LOL. When I grew up Air rifles were heavily regulated. As such guys tended to spend for quality seeing they'd need to fork out for a full licence anyway. When they became deregulated - I was super keen to get a Slavia 640 Lux - which seemed spot on good value made by CZ (Brno) - so all was 'right'. Ended up getting a old used Milbro Diana G24 - which was probably a mistake - it was (and still is) in a bad way. I'd love to have one on-hand again.

When I was young we used to often visit friend and family on farms - there was a understanding if we brought our own ammo we could usually get the air rifle (we ALWAYS kept ammo  ). There was a cool magical feeling we got when got handed those guns... Pity - it was lost after I started getting my own ones. But they're awesome - always help you feel young - just like slingshots.

So was intrigued - keen to hear how you went about restoring her.

Cheers M


----------



## BushpotChef (Oct 7, 2017)

mattwalt said:


> LOL. When I grew up Air rifles were heavily regulated. As such guys tended to spend for quality seeing they'd need to fork out for a full licence anyway. When they became deregulated - I was super keen to get a Slavia 640 Lux - which seemed spot on good value made by CZ (Brno) - so all was 'right'. Ended up getting a old used Milbro Diana G24 - which was probably a mistake - it was (and still is) in a bad way. I'd love to have one on-hand again.
> 
> When I was young we used to often visit friend and family on farms - there was a understanding if we brought our own ammo we could usually get the air rifle (we ALWAYS kept ammo  ). There was a cool magical feeling we got when got handed those guns... Pity - it was lost after I started getting my own ones. But they're awesome - always help you feel young - just like slingshots.
> 
> ...


Great little story! Felt like I was stalking the tall grasses right along side you. In Canada it's always been 18+/No criminal charges for air rifles and crossbows. I would like to state for yhr record I totally disagree with the crossbow part of that, but thats a topic for anothsr time...

Had my first air pistol at 10 (Copperhead slide action single shot in .177) and my first air rifle (Daisy Powerline 880 Multi-pump pneumatic single shot in .177) at 13. Many Sparrows, Grackles and Starlings fell to those two rifles. As far as restoration goes, someone had badly abused this rifle. It has some horrible stain applied unevenly to the stock, over which probably 5 or 6 coats of clear coat had been sloppily applied leaving 'drip' marks everywhere. I hand sanded her down over about 4 days. What a nightmare. When she was all cleaned up I went over the whole stock with 0000 steel wool. After opening up the pores in the wood, I gave her a thorough 3 coat treatment of unboiled Linseed oil. Internally, the old real was holding air, but I figured since I had it apart I might as well replace it. It was a leather seal, so the new one had to be soaked in water for 24 hrs to make it swell. After that I removed the group, mainspring, top hat & piston and degreased them. I then applied white Moly paste to all high friction components. Final touches were painting the front sight white, removing heavy rust from the barrel and painting it with a nice satin black chip resistant paint. I'll post some pics of it tomorrow, apparently I'm staying in hospital one more day for observation.

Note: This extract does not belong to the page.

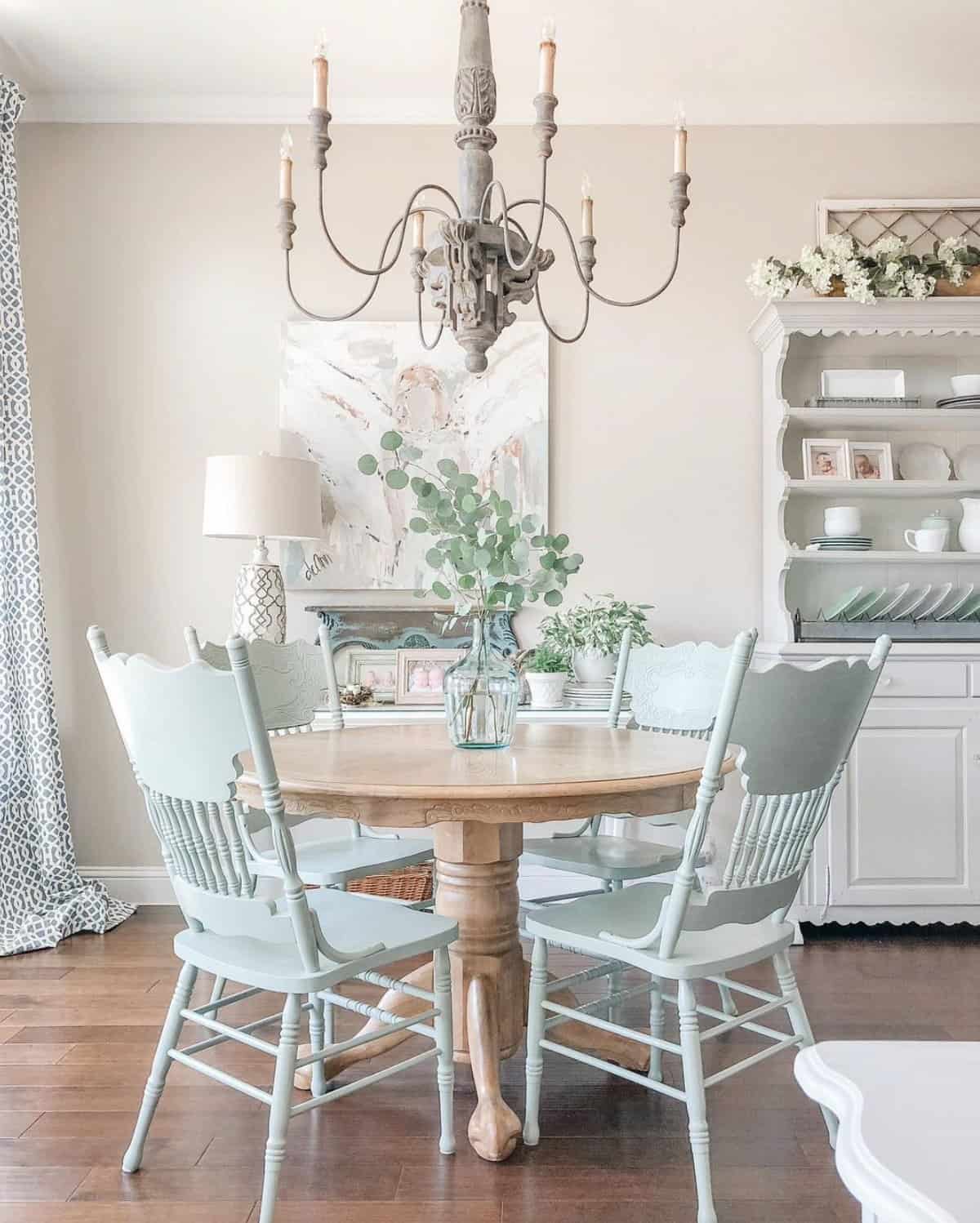 dining-table-with-a-summer-vibe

Hope that was a little clearer than mud lol.

Sent from my SM-J320W8 using Tapatalk


----------



## Winnie (Nov 10, 2010)

I'm a praying man. I'll put you on the list. Hope you get to feeling better quick. These things are scary but once you get through them they change your perspective. The sky is bluer, people are better looking and life makes more sense. Take care.

winnie


----------



## BushpotChef (Oct 7, 2017)

Winnie said:


> I'm a praying man. I'll put you on the list. Hope you get to feeling better quick. These things are scary but once you get through them they change your perspective. The sky is bluer, people are better looking and life makes more sense. Take care.
> winnie


Thanks very much Winnie, I already feel like I have a slightly different outlook on things. It's like now I know how fast it can all be over. It's weird, I feel sort of liberated.

Sent from my SM-J320W8 using Tapatalk


----------



## mattwalt (Jan 5, 2017)

Yeah - mine is a similar story - One of the guns which belonged to my uncle was a Gecado 24 or 27 - so I was after the same gun. Diana (Germany) is the same company - after the war production was taken over by Milbro and moved to Scotland (I believe). So Diana changed their name to Gecado until they were able to take back the name. I put out a wanted ad and someone like 400km answered when I arrived it was a Milbro one but after driving so long and the gun seemed OK (had been just serviced and restrung) and have a trigger tune - seemed OK. But when I got home I also discovered under the stock things were not quite as seemed - it worked well but rear sight was toast (in fact make-shift after the original must have been damaged) the main tube had broken by the retaining bolt attachment plate which was rewarded badly and the stock was in bad shape.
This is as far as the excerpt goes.